GRACE/GCL2/losses/triplet.py · MIA-GCL

import torch
from .losses import Loss


class TripletMarginSP(Loss):
    def __init__(self, margin: float = 1.0, p: float = 2, *args, **kwargs):
        super(TripletMarginSP, self).__init__()
        self.loss_fn = torch.nn.TripletMarginLoss(margin=margin, p=p, reduction='none')
        self.margin = margin

    def compute(self, anchor, sample, pos_mask, neg_mask=None, *args, **kwargs):
        neg_mask = 1. - pos_mask

        num_pos = pos_mask.to(torch.long).sum(dim=1)
        num_neg = neg_mask.to(torch.long).sum(dim=1)

        dist = torch.cdist(anchor, sample, p=2)  # [num_anchors, num_samples]

        pos_dist = pos_mask * dist
        neg_dist = neg_mask * dist

        pos_dist, neg_dist = pos_dist.sum(dim=1), neg_dist.sum(dim=1)

        loss = pos_dist / num_pos - neg_dist / num_neg + self.margin
        loss = torch.where(loss > 0, loss, torch.zeros_like(loss))
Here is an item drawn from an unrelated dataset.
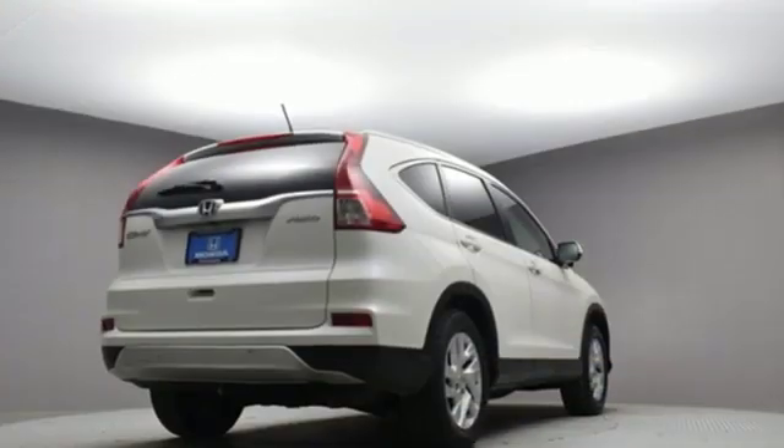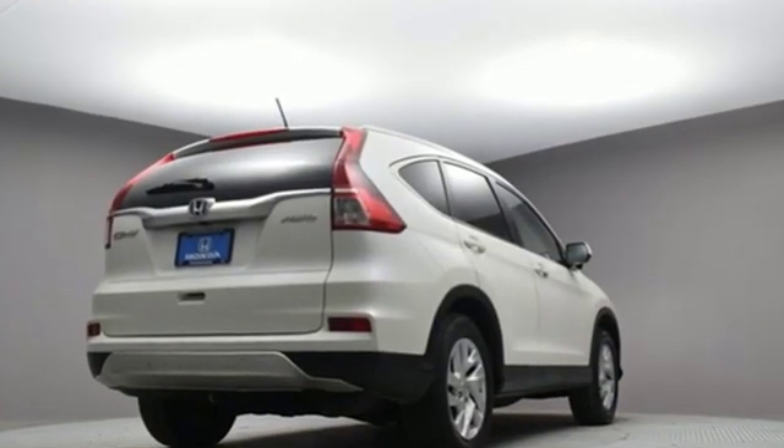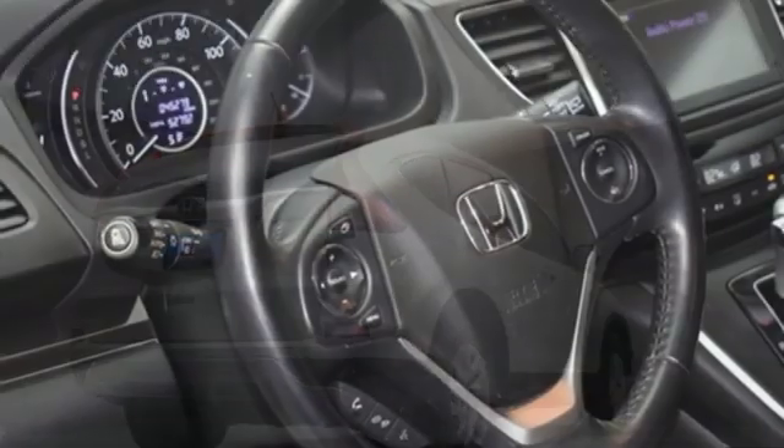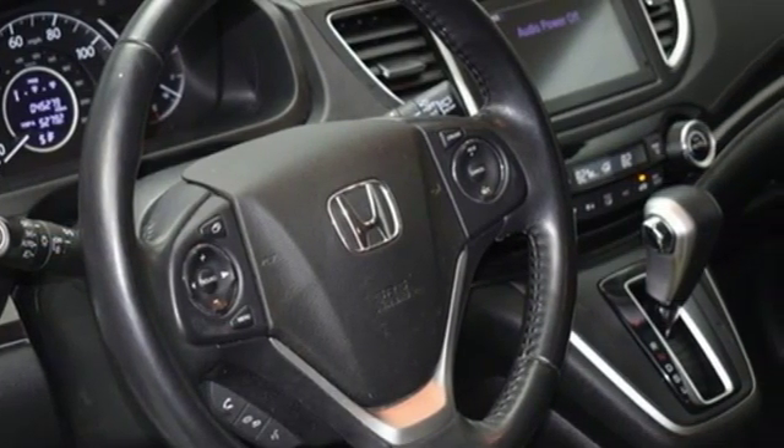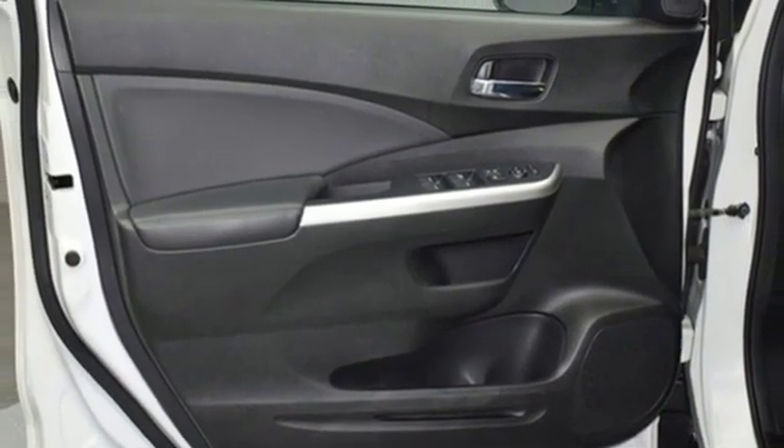Continuously variable automatic transmission, front heated leather bucket seats, Bluetooth wireless audio streaming, auto dimming rear view mirror, dual zone climate control, power heated mirrors.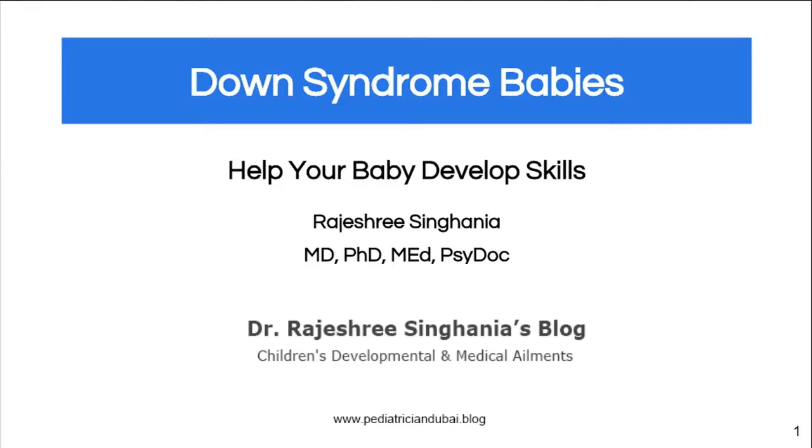Hi, I'm Dr. Singhania from Singhania Clinic and I'm going to talk to you about Down syndrome and how to help your baby.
        return loss.mean()


class TripletMargin(Loss):
    def __init__(self, margin: float = 1.0, p: float = 2, *args, **kwargs):
        super(TripletMargin, self).__init__()
        self.loss_fn = torch.nn.TripletMarginLoss(margin=margin, p=p, reduction='none')
        self.margin = margin

    def compute(self, anchor, sample, pos_mask, neg_mask=None, *args, **kwargs):
        num_anchors = anchor.size()[0]
        num_samples = sample.size()[0]

        # Key idea here:
        #  (1) Use all possible triples (will be num_anchors * num_positives * num_negatives triples in total)
        #  (2) Use PyTorch's TripletMarginLoss to compute the marginal loss for each triple
        #  (3) Since TripletMarginLoss accepts input tensors of shape (B, D), where B is the batch size,
        #        we have to manually construct all triples and flatten them as an input tensor in the
        #        shape of (num_triples, D).
        #  (4) We first compute loss for all triples (including those that are not anchor - positive - negative), which
        #        will be num_anchors * num_samples * num_samples triples, and then filter them with masks.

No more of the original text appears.